On a problem arising from OLS based on the Gauss–Markov theorem, Greene (2012, p. 129) writes:
…the Gauss–Markov theorem states that among all linear unbiased estimators, the least squares estimator has the smallest variance. Although this result is useful, it does not assure us that the least squares estimator has a small variance in any absolute sense. Consider, for example, a model that contains two explanatory variables and a constant. … If the two variables are perfectly correlated, then the variance is infinite.
The problem is that variance being infinite means that standard OLS packages will not run.
Looking to solutions for this problem, Hastie et al. (2009, p. 51) write:
The Gauss-Markov theorem implies that the least squares estimator has the smallest mean squared error of all linear estimators with no bias. However, there may well exist a biased estimator with smaller mean squared error. Such an estimator would trade a little bias for a larger reduction in variance.
…most models are distortions of the truth, and hence are biased; picking the right model amounts to creating the right balance between bias and variance.
Biased estimates are commonly used. Any method that shrinks or sets to zero some of the least squares coefficients may result in a biased estimate. (These include) variable subset selection and ridge regression…
On variable subset selection, Greene (2012, p. 131) writes: ‘The obvious practical remedy (and surely the most frequently used) is to drop variables suspected of causing the problem from the regression…’ This is one method that is used in what follows.
Ridge regression takes another approach to reducing a variance that would otherwise be infinite, by introducing bias in a controlled way into the regression. This enables the variables in question to stop displaying infinite variance, and so the assessment of the performance of a model including the full set of independent variables is possible.
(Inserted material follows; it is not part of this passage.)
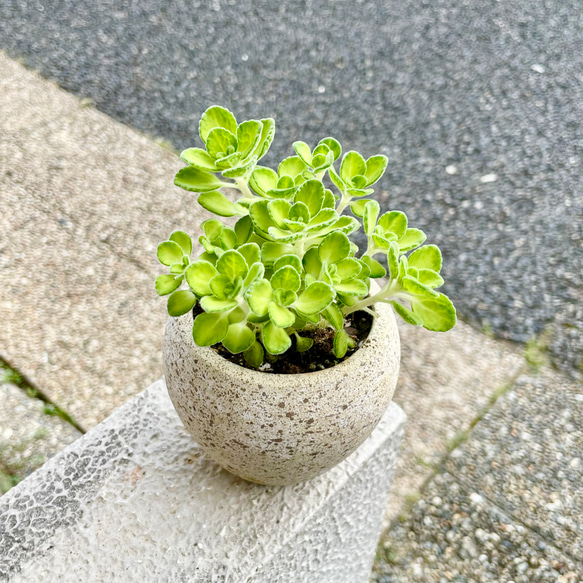 コロンとかわいい  珍しい斑入り♡  プレクトランサス アロマティカス   ライムシャワー セメントボールポット 1枚目の画像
Ridge regression (Hoerl, 1962; Birkes and Dodge, 1993) is one member of a family of methods that achieve this by imposing a penalty on (‘shrinking’) the size of relevant least squares coefficients. In this study, the GRETL ridge regression function is used (Schreiber, 2017). This method requires an optimal shrinkage parameter (ridge constant or lambda) to be determined. This is done by use of a ridge trace process (Hoerl and Kennard, 1970) in which estimated coefficients are compared against a range of shrinkage parameters in order to seek the most favourable trade-off of bias against precision of the estimates (inverse variance).
For global surface temperature, we used the Hadley Centre–Climate Research Unit combined Landsat and SST surface temperature series (HadCRUT) version 18.104.22.168 (Morice et al., 2012). In the tables, figures and text in the paper, this series is termed ‘global surface temperature’. For atmospheric CO2 data from 1958 to the present, the US Department of Commerce National Oceanic and Atmospheric Administration Earth System Research Laboratory Global Monitoring Division Mauna Loa, Hawaii, annual CO2 series is used (Keeling et al., 2009). In the paper, this series is termed ‘atmospheric CO2’.
In the analyses, monthly data is used. The period covered in the figures is sometimes shorter than that used in the data preparation because of the loss of some data points due to calculations of differences and of moving averages.
We note that to assist readability in text involving repeated references, atmospheric CO2 is sometimes referred to simply as ‘CO2‘ and global surface temperature as ‘temperature’. The period covered by the time series used in each table or figure is given in the title of the table or figure.
In the tables of results, statistical significance at the 10%, 5% and 1% levels is indicated by the symbols *, ** and ***, respectively.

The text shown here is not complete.